Additionally, Mitchell cautioned self-insurers from becoming too reliant on the plans because of a movement afoot to tax premiums on self-insurance programs, making self-insuring more expensive, Mitchell said.
"I think they (potential self-insurers) ought to explore all the pitfalls before they do it," he said.
But self-insurers say they've examined potential costs and other drawbacks and report some appealing savings.
Intermountain Health Care, largely self-insured since 1986, found in a recent study that by self-insuring they saved 30 percent of what it would cost commercially to fund their malpractice coverage.
The savings come in trimming administrative costs, IHC's insurance manager Harlan Hammond said. Normal insurance premiums cover the cost of maintaining the loss fund and paying for administrative costs and also must account for a profit margin.
"We can take the latter elements and instead of paying them to an insurance company, we can do the administrative work ourselves," Hammond said.
An independent actuary consultant compiles IHC's previous loss figures and estimates how much the company should pay into their self-insurance fund, budgeted separately from operational items to maintain its integrity, Hammond said.
IHC's reasons for self-insuring primarily in liability, property loss and their workers' compensation fund, which is government regulated are mostly economic, Hammond concedes.
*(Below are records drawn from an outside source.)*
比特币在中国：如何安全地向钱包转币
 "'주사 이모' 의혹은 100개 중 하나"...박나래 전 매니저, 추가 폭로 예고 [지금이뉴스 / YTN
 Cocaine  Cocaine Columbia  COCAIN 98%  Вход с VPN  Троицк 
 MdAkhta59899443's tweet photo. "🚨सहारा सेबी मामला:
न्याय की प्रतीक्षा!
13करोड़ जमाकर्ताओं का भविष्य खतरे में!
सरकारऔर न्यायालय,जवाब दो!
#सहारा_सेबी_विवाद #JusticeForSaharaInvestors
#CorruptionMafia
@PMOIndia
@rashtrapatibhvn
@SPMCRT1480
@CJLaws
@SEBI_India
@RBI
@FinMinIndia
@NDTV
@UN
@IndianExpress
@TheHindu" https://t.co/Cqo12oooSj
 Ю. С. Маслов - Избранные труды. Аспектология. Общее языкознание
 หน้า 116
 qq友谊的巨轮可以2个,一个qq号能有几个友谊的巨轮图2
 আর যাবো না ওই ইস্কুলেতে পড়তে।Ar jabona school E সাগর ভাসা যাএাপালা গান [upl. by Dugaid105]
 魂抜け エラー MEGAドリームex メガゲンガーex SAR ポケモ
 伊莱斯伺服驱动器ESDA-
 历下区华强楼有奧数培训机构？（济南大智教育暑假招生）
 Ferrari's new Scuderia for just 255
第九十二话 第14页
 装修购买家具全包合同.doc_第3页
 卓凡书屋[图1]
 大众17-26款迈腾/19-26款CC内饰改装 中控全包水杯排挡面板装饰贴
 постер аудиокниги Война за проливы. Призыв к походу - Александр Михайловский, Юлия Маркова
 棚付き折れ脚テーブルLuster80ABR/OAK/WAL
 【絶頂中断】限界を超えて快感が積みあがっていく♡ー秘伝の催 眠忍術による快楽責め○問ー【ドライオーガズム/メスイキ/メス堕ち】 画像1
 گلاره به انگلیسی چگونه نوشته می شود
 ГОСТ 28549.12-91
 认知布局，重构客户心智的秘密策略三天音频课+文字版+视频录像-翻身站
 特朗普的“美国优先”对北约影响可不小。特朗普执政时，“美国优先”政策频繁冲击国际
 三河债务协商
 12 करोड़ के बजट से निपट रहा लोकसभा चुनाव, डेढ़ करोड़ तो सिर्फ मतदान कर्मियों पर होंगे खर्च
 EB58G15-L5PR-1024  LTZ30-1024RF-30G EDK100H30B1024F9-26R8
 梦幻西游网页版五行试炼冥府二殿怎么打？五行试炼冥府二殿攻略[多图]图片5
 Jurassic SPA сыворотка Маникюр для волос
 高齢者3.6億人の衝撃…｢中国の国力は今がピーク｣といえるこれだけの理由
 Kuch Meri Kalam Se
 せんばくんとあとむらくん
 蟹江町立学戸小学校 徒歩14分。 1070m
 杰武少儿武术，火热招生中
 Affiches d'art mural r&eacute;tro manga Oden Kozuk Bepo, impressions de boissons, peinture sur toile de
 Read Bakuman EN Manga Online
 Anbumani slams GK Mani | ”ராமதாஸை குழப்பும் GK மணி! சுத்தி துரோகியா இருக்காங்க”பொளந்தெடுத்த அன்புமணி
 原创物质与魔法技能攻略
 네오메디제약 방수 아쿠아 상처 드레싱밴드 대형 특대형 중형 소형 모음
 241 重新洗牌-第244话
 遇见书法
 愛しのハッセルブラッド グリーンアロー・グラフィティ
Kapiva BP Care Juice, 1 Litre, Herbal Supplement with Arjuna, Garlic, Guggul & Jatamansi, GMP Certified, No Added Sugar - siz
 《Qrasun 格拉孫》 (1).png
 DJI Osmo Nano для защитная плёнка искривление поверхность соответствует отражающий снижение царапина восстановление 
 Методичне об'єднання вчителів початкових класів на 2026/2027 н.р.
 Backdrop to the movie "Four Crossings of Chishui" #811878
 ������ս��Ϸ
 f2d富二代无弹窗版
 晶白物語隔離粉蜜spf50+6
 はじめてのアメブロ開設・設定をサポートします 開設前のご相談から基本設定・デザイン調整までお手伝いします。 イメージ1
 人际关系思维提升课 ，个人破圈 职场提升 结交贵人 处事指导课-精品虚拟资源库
But the practice also gives IHC a comfortable feeling of controlling their own interests.
"We feel a responsibility when we have caused or created damage to be able to settle the situation appropriately," he said.
Self-insurers face the prospect of being directly and solely responsible for damages, and consequently many become zealously safety conscious.
IHC has developed a strong risk management program, Hammond said. Strict guidelines are followed by health care workers to protect workers from contracting acquired immune deficiency syndrome. Additionally, motor vehicle record checks are conducted on drivers annually to see if workers are driving safely.
Besides self-insuring, other corporations are forming insurance pools to avoid the high cost of premiums. The practice is popular among municipalities in Utah and across the nation.
The Utah Local Government Insurance Trust and the League of Cities and Towns have formed such pools. So has the Utah Municipal Risk Management Association, which boasts a membership of 40 municipalities throughout the state, said Bryce McEuen, the association's director.
"The cities in our organization were just abandoned by the commercial market so we formed our own pool," he said. Salt Lake City and Salt Lake County, Weber and Utah County, as well as other municipalities, have banded together to form the pool.
The organization, regulated by the State Insurance Department and other federal regulations, is required by statute to maintain a $600,000 "unencumbered and available" fund to cover possible damages, McEuen said. Additionally, the pool maintains its own pool insurance fund in the millions of dollars, he said.
Although savings figures for the group have never been calculated, McEuen said the pool concept is highly efficient. "It's much more feasible to pool their risks with other cities," he said.
Experts speak of the insurance crisis of 1985 during which insurers were reluctant to insure for fear of huge liability settlements. Companies found it difficult to obtain coverage as a result, they said.
Many corporations that sought refuge during the crisis by self-insuring are now wary of returning to the commercial insurance market, Erickson said.
"People are not likely to run back to the insurance market after the first crisis," she said, adding that former policyholders are turned off by wide swings in premiums and sudden additions of coverage exclusions.
"In utilizing self-insurance, there's more than just the commercial insurer to turn to," she said.